A former student at a Parkland, Florida, high school killed 17 people Wednesday when he opened fire at the school. President Donald Trump said there were “so many signs” that Nikolas Cruz, 19, was “mentally disturbed.”

After each mass shooting, Democrats and a small cadre of their Republican colleagues seize on the event while it is fresh in the public’s mind to put pressure on lawmakers to enact gun control legislation. Most GOP lawmakers, however, say the immediate aftermath of a mass shooting is not the time to politicize the event.

“It’s just a horrific, horrific, horrible shooting,” House Speaker Paul D. Ryan of Wisconsin told a local radio station Thursday. “I think we need to pray, and our hearts go out to these victims. And I think, as public policy makers, we don’t just knee-jerk before we even have all the facts and the data.”

Sen.
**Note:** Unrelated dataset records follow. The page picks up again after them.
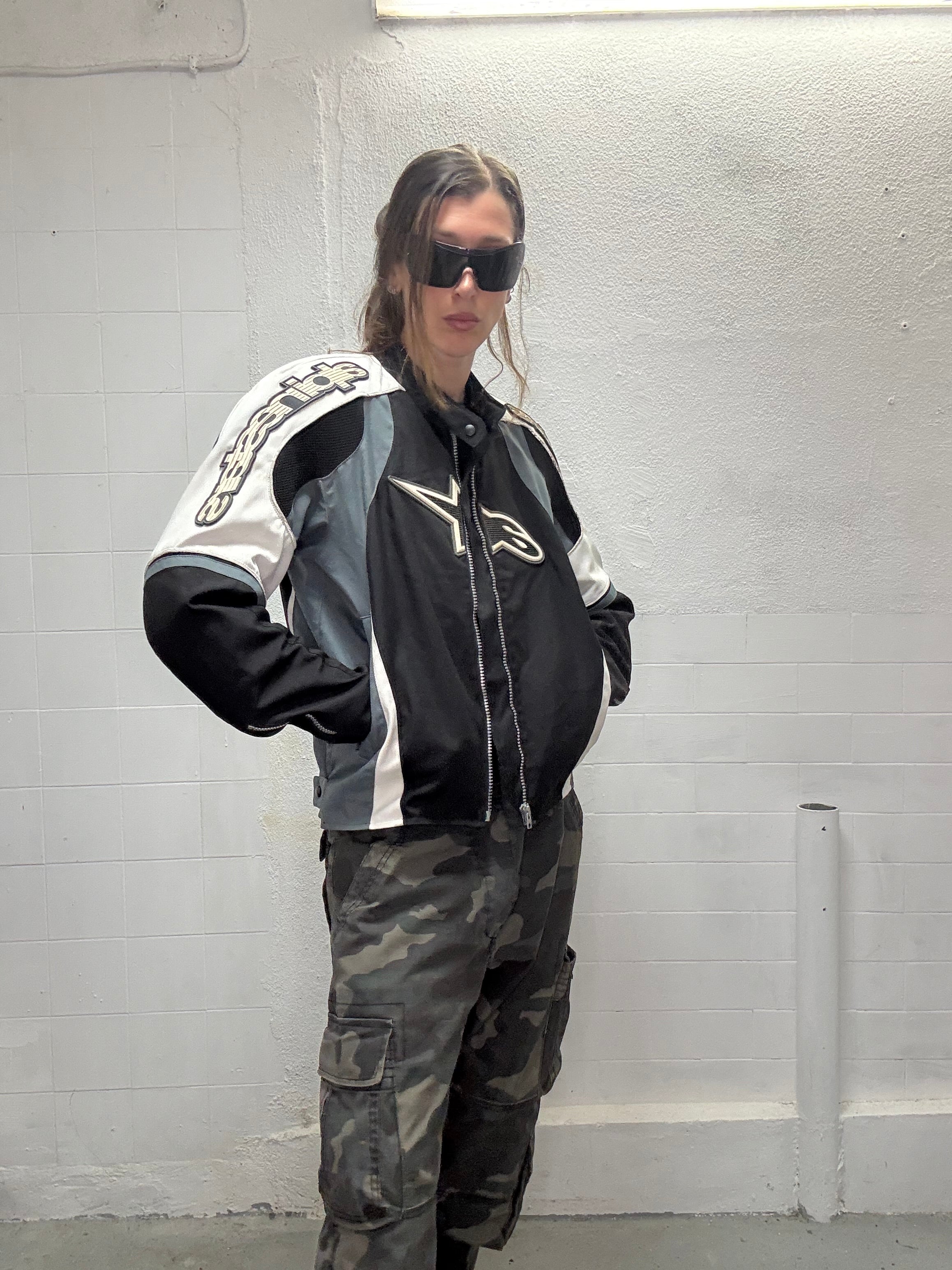 072 BIKER STRUCTURED JACKET
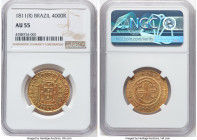 João Prince Regent gold 4000 Reis 1811-(R) AU55 NGC, Rio de Janeiro mint, KM235.2, LMB-571a. HID09801242017 © 2024 Heritage Auctions | All Rights Rese...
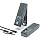 NVMe Enclosure with Cooling Fan, Full Aluminum Alloy(Gery)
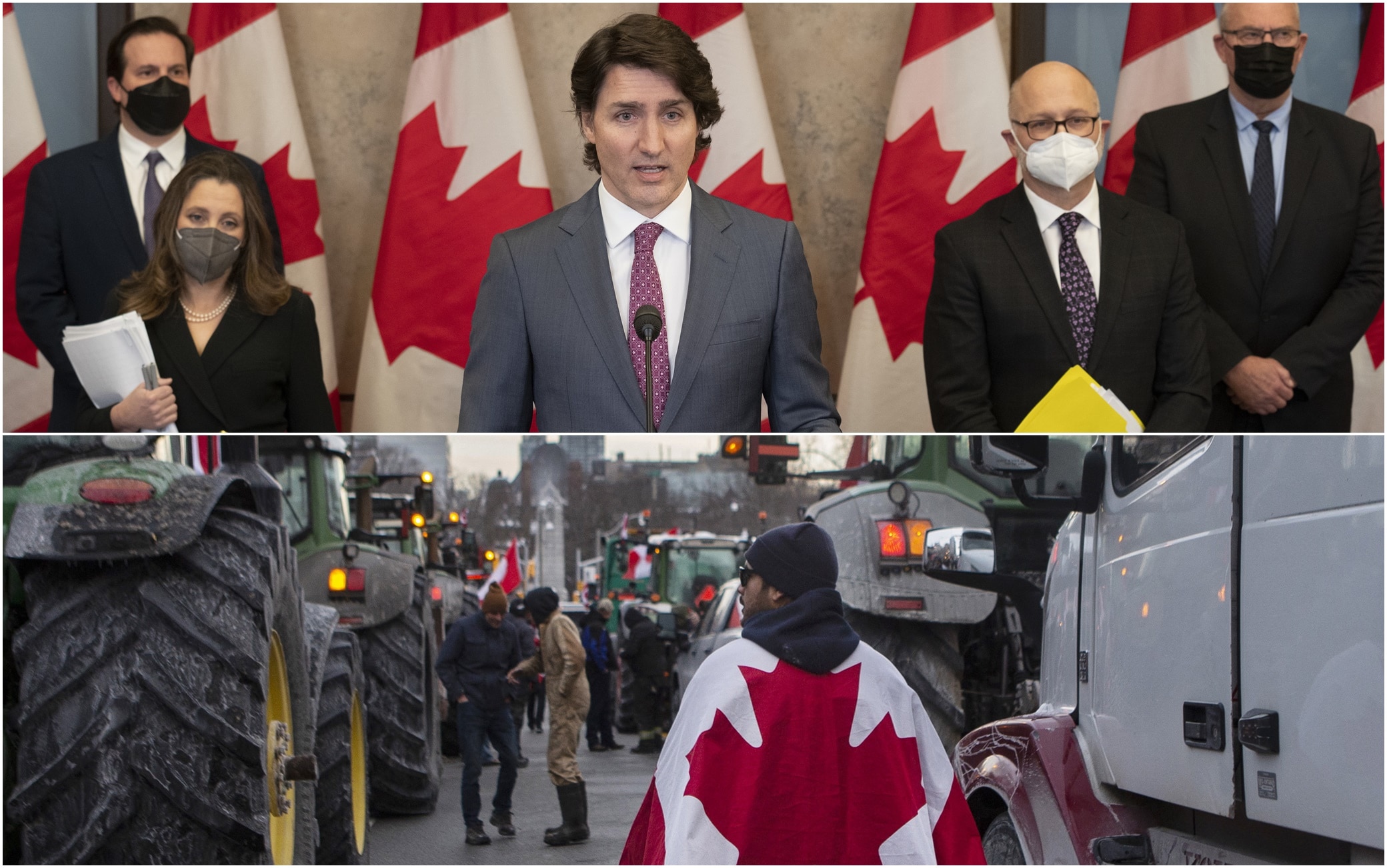 Gov. Canada, Trudeau called for emergency legislation against any protests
Chris Murphy of Connecticut took up the opposite stance.

“Don’t tell me tomorrow isn’t the appropriate time to debate gun violence,” Murphy tweeted Wednesday after the shooting. “If you’re a political leader doing nothing about this slaughter, you’re an accomplice.”

A month after a gunman in Las Vegas killed 58 people on Oct. 1 last year, Democratic Rep. Dina Titus of Nevada expressed frustration with Republican attempts to dodge legislative proposals on bump stocks, the device the shooter there used to increase the rate of fire of his semiautomatic rifles.

“It’s just like after Sandy Hook, just like after Orlando,” Titus said. “A lot of talk. And then [Republicans] think they can wait us out. The news cycle will change, people will forget, and we’ll move on. We just can’t let that happen.”

But the Republican message remains that nothing will stop a mentally sick person from obtaining a firearm to do harm to others if that person has made up their mind.

“I’m trying to be clear and honest here: If someone’s decided, ‘I’m going to commit this crime,’ they will find a way to get the gun to do it,” GOP Sen. Marco Rubio of Florida said on the Senate floor Thursday. “That doesn’t mean you shouldn’t have a law to make it harder; it just means understand, to be honest, it isn’t going to stop this from happening.”